━━━ Dataset section
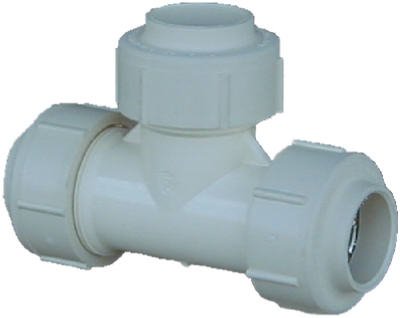 [407968] Genova #545071 3/4 CPVC Tee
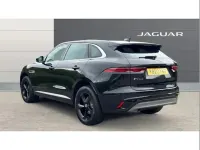 Used Jaguar F-Pace R-Dynamic 204 HP (150 kW) 2022 Black SUV
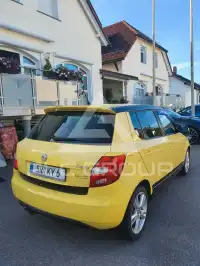 2008 Skoda Fabia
━━━━━━
Action item
Each line above is to be copied verbatim. Drop any image from the copy.

Task response
 [407968] Genova #545071 3/4 CPVC Tee
 Used Jaguar F-Pace R-Dynamic 204 HP (150 kW) 2022 Black SUV
 2008 Skoda Fabia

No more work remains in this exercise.